● Problem details:
Print the data exactly as written, line for line, and leave its pictures behind.

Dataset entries
::::

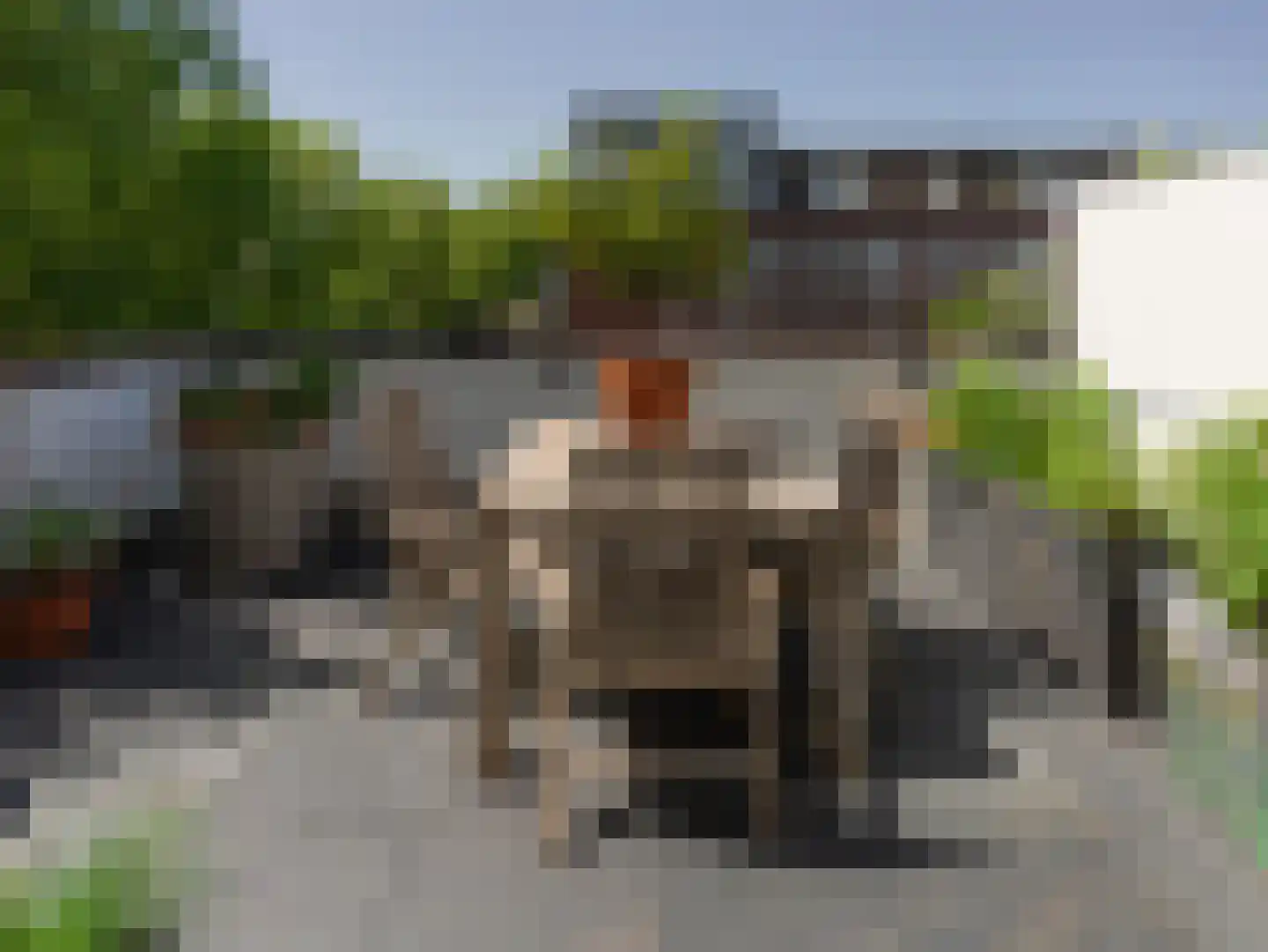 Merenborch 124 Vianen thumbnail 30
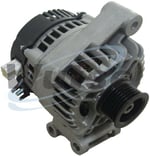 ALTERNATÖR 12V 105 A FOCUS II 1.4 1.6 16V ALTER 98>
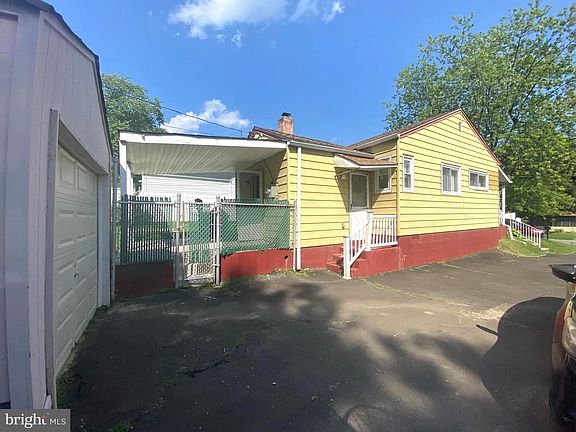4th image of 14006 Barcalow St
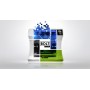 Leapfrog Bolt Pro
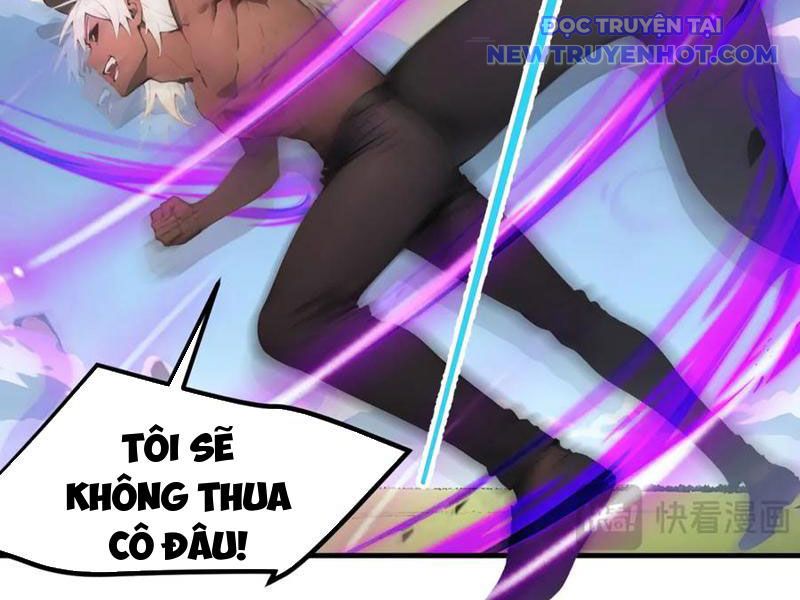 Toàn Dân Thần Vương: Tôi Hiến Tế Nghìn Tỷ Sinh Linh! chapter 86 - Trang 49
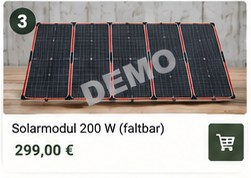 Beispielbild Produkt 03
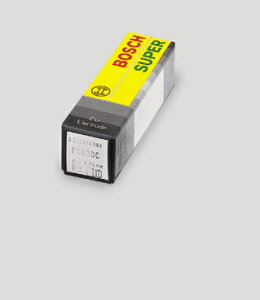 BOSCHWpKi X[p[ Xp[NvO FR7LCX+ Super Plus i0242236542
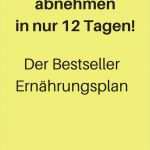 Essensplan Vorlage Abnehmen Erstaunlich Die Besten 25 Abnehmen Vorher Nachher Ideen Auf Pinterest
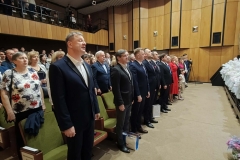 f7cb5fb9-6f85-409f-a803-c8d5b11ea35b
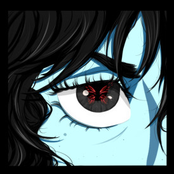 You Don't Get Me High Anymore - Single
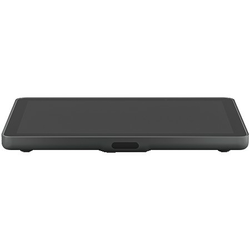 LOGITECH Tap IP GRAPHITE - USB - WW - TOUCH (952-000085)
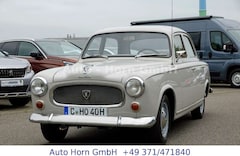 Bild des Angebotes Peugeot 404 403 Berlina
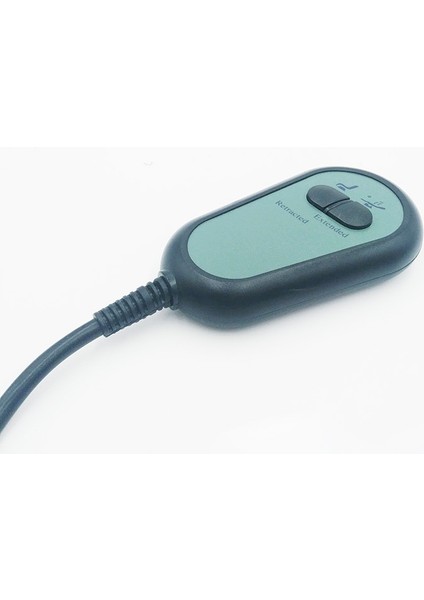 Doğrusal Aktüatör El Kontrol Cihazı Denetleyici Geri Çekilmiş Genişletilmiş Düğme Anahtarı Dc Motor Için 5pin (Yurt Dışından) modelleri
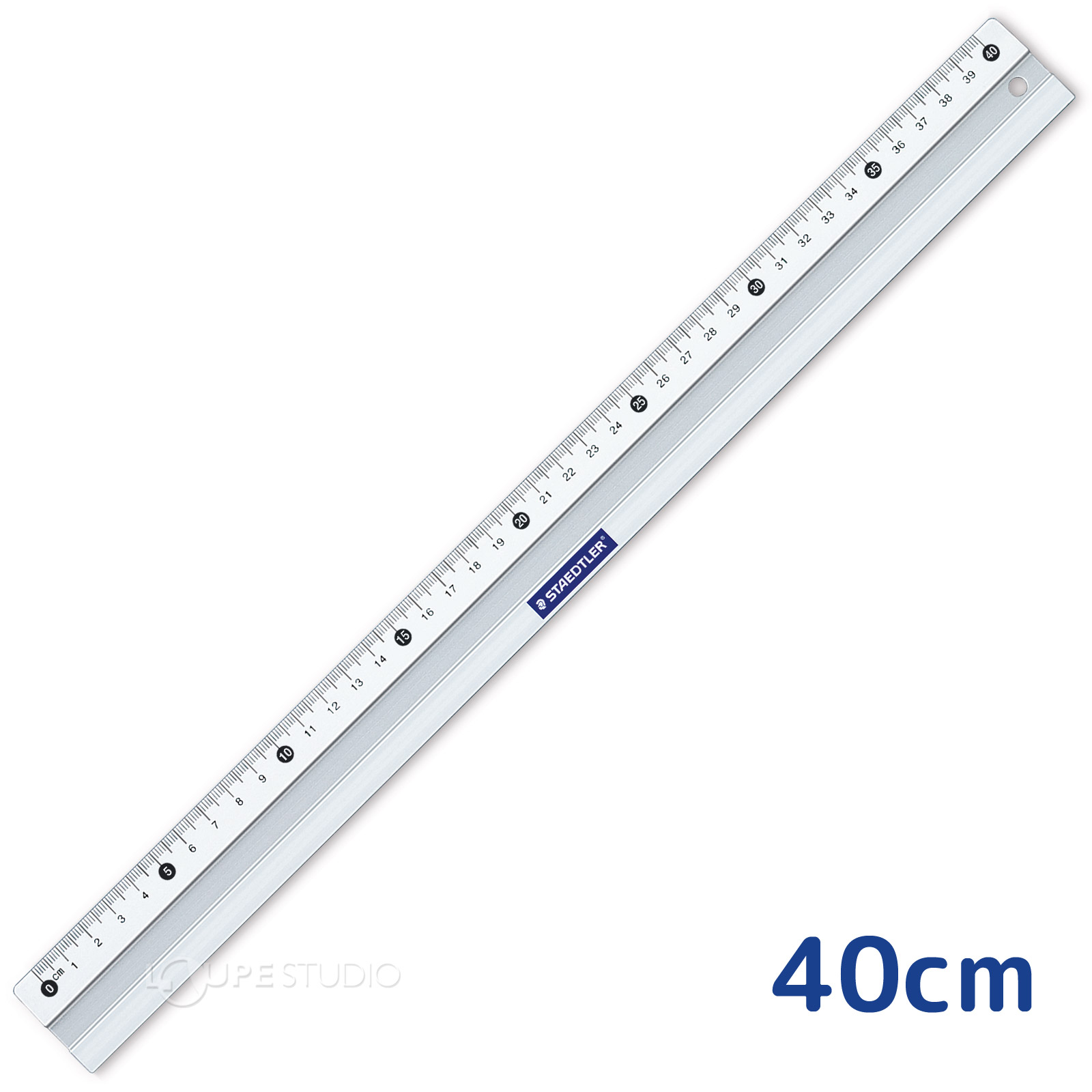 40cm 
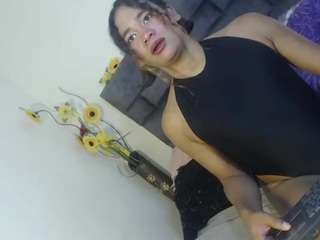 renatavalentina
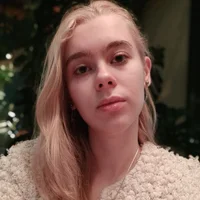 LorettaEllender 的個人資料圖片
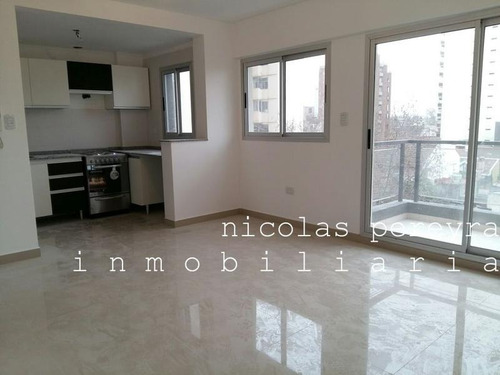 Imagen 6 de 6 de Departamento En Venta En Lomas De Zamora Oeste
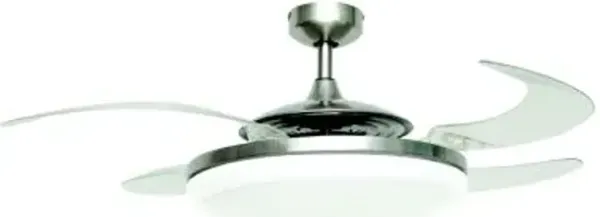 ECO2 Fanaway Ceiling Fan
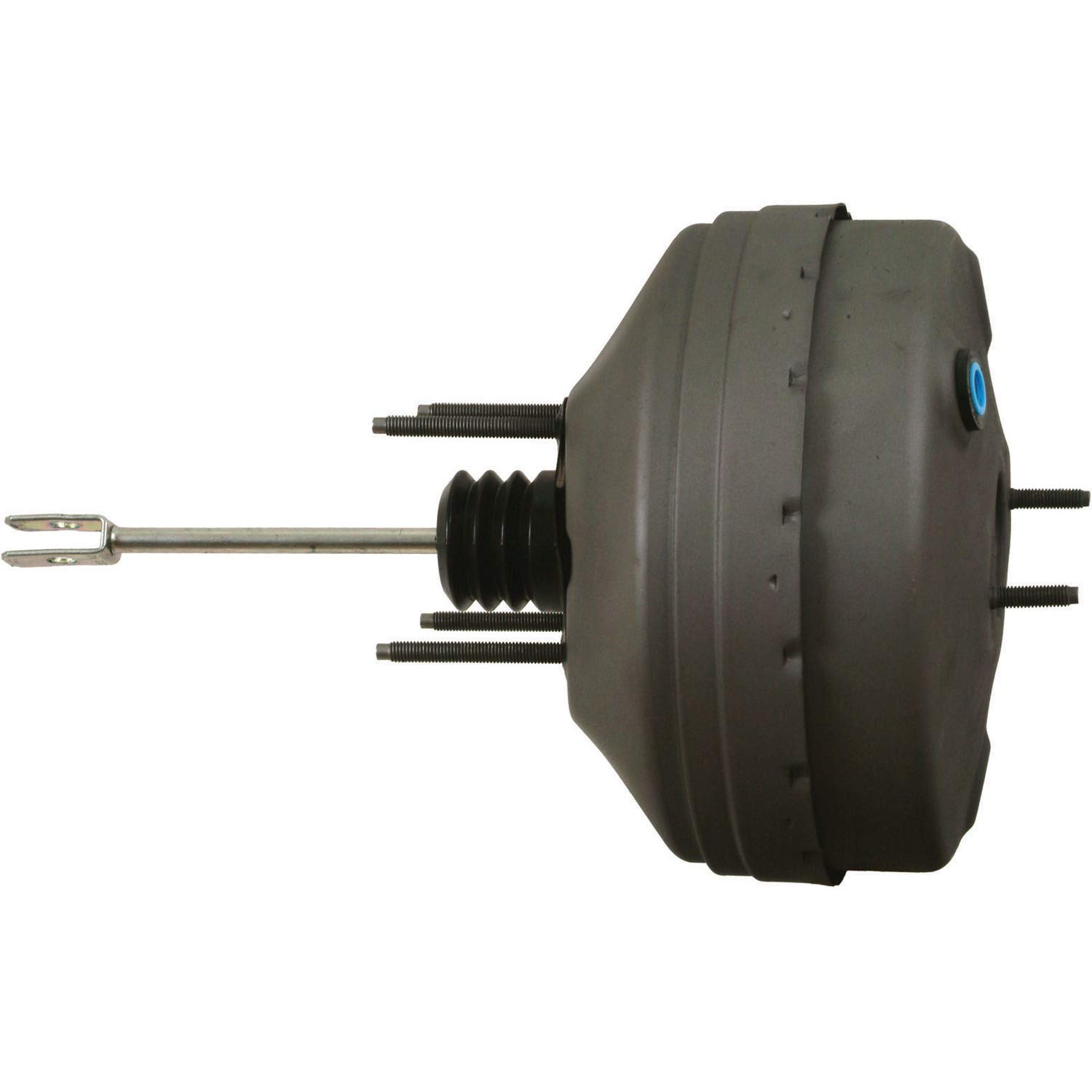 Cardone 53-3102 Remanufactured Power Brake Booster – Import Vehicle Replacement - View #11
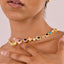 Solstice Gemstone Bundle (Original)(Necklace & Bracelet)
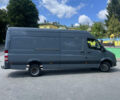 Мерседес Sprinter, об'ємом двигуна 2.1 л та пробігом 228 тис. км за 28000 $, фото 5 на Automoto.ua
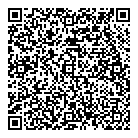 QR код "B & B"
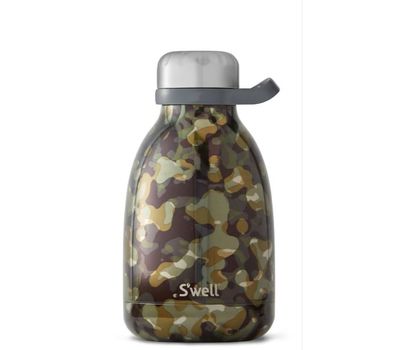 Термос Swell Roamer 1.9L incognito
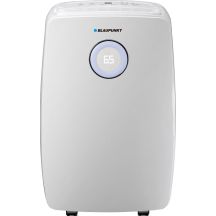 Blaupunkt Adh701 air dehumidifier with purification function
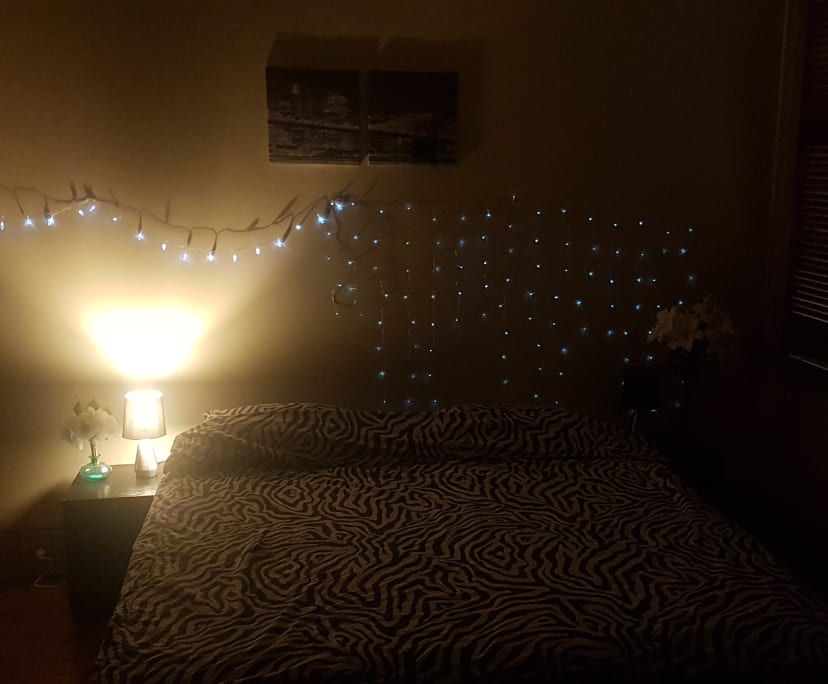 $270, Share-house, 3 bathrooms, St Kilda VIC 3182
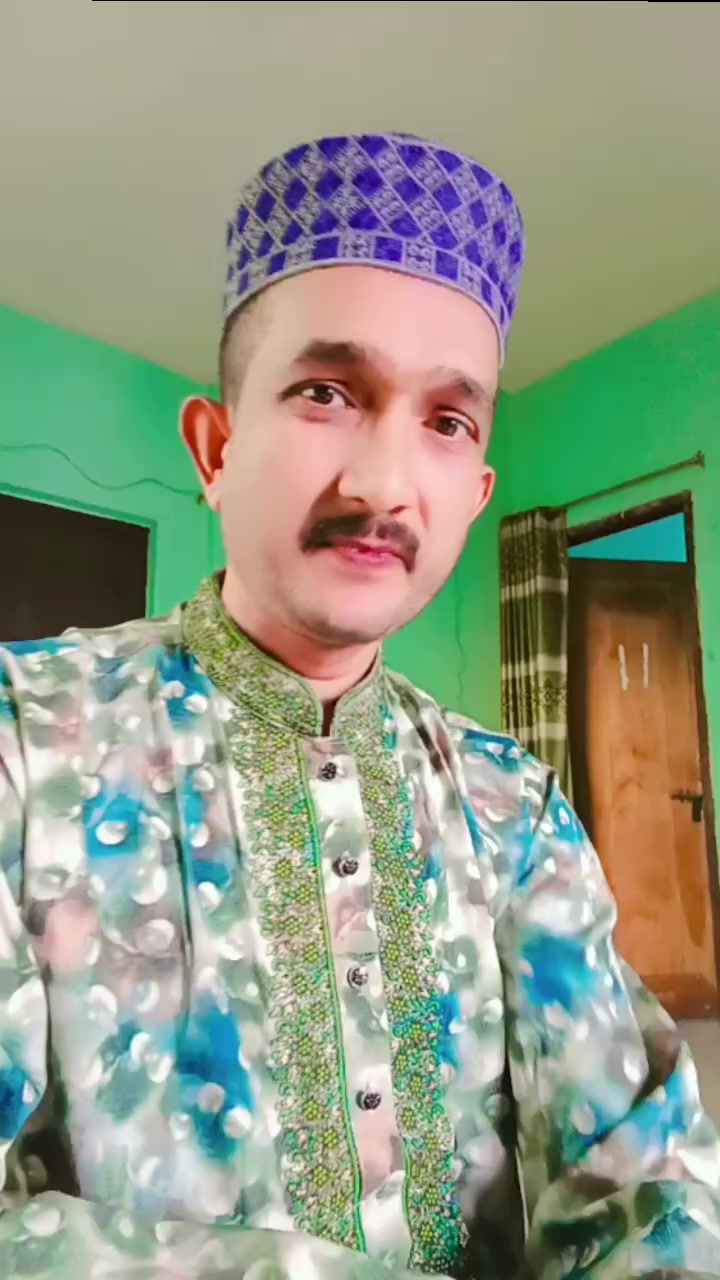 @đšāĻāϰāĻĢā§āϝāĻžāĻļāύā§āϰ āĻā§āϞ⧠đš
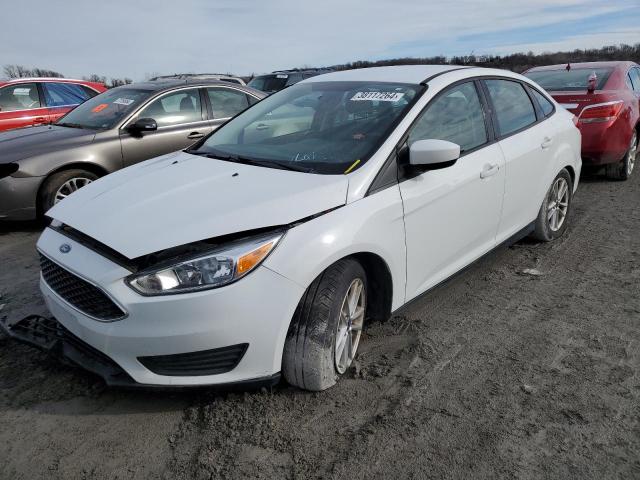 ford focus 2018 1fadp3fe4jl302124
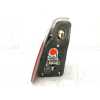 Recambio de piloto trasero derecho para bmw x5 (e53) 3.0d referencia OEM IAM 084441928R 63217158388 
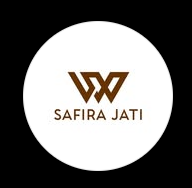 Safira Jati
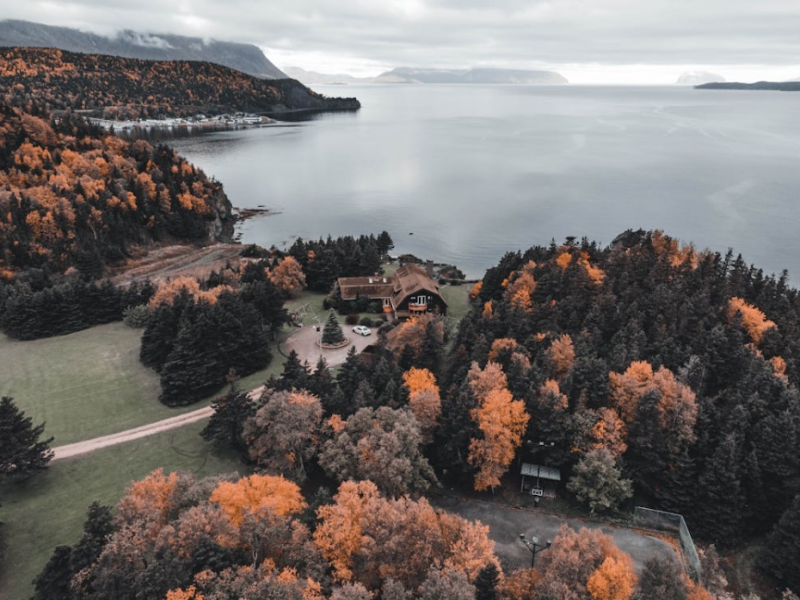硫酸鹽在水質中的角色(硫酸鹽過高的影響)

::::

● Completed task:
 Merenborch 124 Vianen thumbnail 30
 ALTERNATÖR 12V 105 A FOCUS II 1.4 1.6 16V ALTER 98>
4th image of 14006 Barcalow St
 Leapfrog Bolt Pro
 Toàn Dân Thần Vương: Tôi Hiến Tế Nghìn Tỷ Sinh Linh! chapter 86 - Trang 49
 Beispielbild Produkt 03
 BOSCHWpKi X[p[ Xp[NvO FR7LCX+ Super Plus i0242236542
 Essensplan Vorlage Abnehmen Erstaunlich Die Besten 25 Abnehmen Vorher Nachher Ideen Auf Pinterest
 f7cb5fb9-6f85-409f-a803-c8d5b11ea35b
 You Don't Get Me High Anymore - Single
 LOGITECH Tap IP GRAPHITE - USB - WW - TOUCH (952-000085)
 Bild des Angebotes Peugeot 404 403 Berlina
 Doğrusal Aktüatör El Kontrol Cihazı Denetleyici Geri Çekilmiş Genişletilmiş Düğme Anahtarı Dc Motor Için 5pin (Yurt Dışından) modelleri
 40cm 
 renatavalentina
 LorettaEllender 的個人資料圖片
 Imagen 6 de 6 de Departamento En Venta En Lomas De Zamora Oeste
 ECO2 Fanaway Ceiling Fan
 Cardone 53-3102 Remanufactured Power Brake Booster – Import Vehicle Replacement - View #11
 Solstice Gemstone Bundle (Original)(Necklace & Bracelet)
 Мерседес Sprinter, об'ємом двигуна 2.1 л та пробігом 228 тис. км за 28000 $, фото 5 на Automoto.ua
 QR код "B & B"
 Термос Swell Roamer 1.9L incognito
 Blaupunkt Adh701 air dehumidifier with purification function
 $270, Share-house, 3 bathrooms, St Kilda VIC 3182
 @đšāĻāϰāĻĢā§āϝāĻžāĻļāύā§āϰ āĻā§āϞ⧠đš
 ford focus 2018 1fadp3fe4jl302124
 Recambio de piloto trasero derecho para bmw x5 (e53) 3.0d referencia OEM IAM 084441928R 63217158388 
 Safira Jati
硫酸鹽在水質中的角色(硫酸鹽過高的影響)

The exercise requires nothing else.